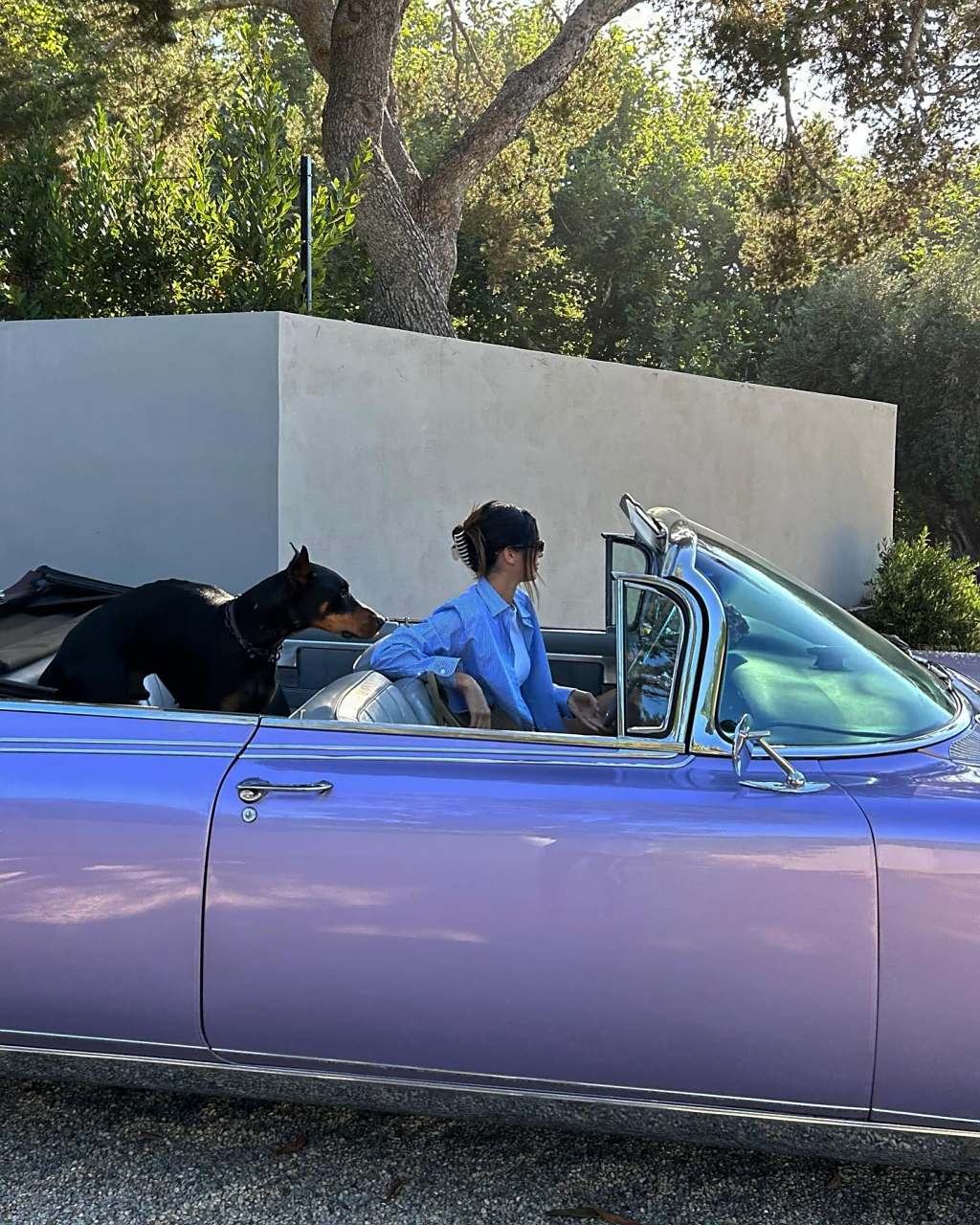 肯豆詹娜 一组修图,可以当壁纸,开车的詹娜太帅了#詹娜# #肯豆# #美女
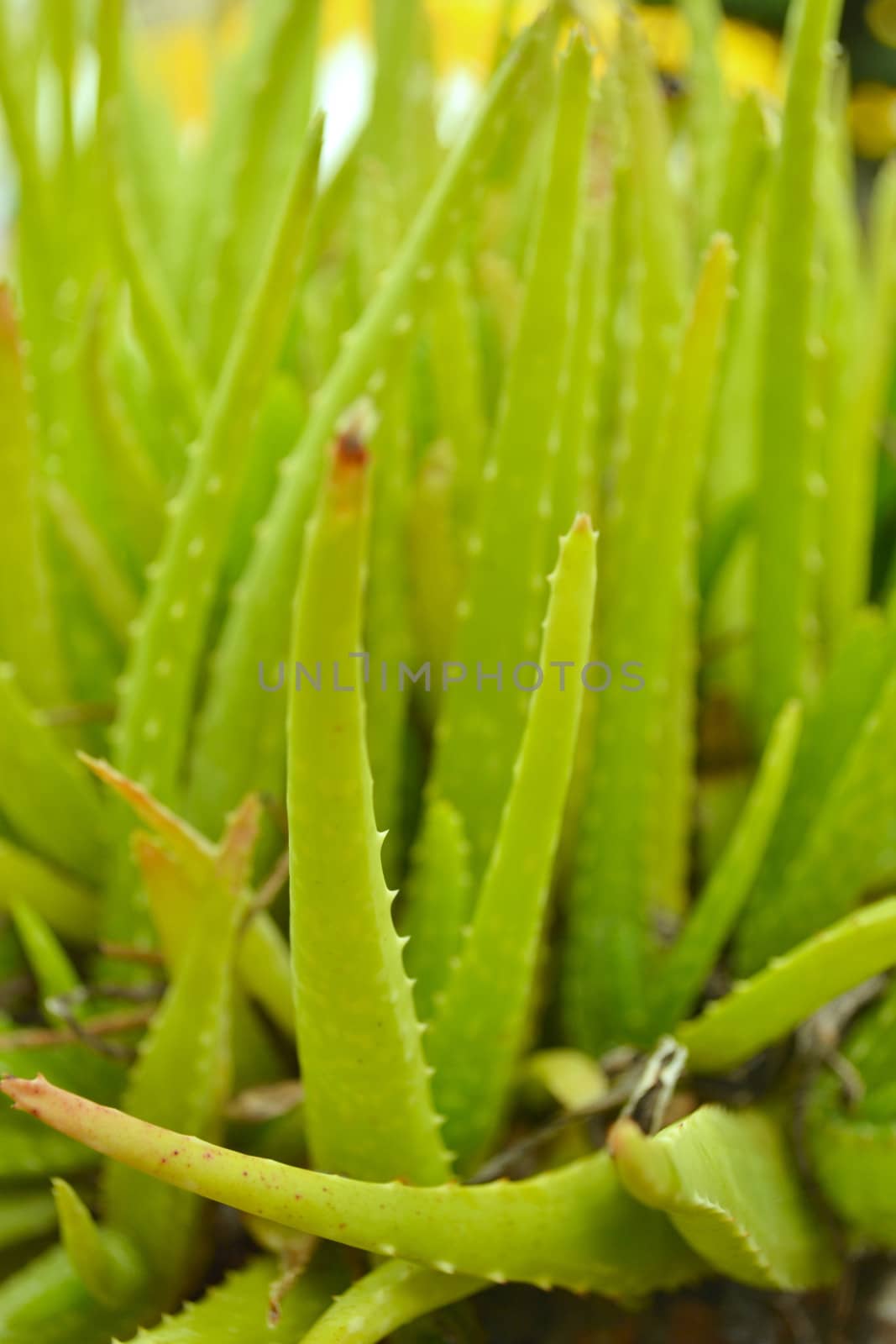 Green Aloe vera by apichart
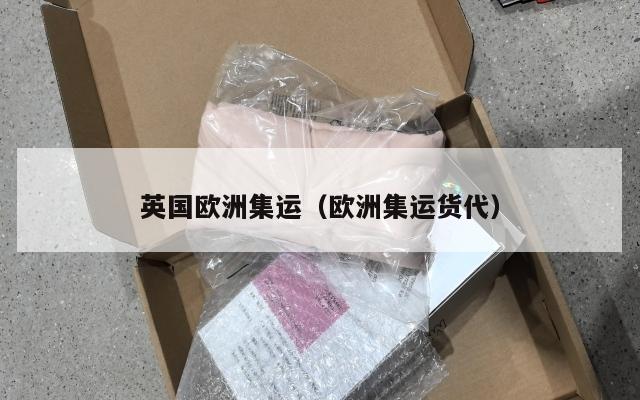 英国欧洲集运（欧洲集运货代）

━━━━━━━━━━━━━━━━━━━━

WHAT YOU SHOULD DO >>
Set down the material above exactly. Skip any picture.

REPLY >>
 肯豆詹娜 一组修图,可以当壁纸,开车的詹娜太帅了#詹娜# #肯豆# #美女
 Green Aloe vera by apichart
 英国欧洲集运（欧洲集运货代）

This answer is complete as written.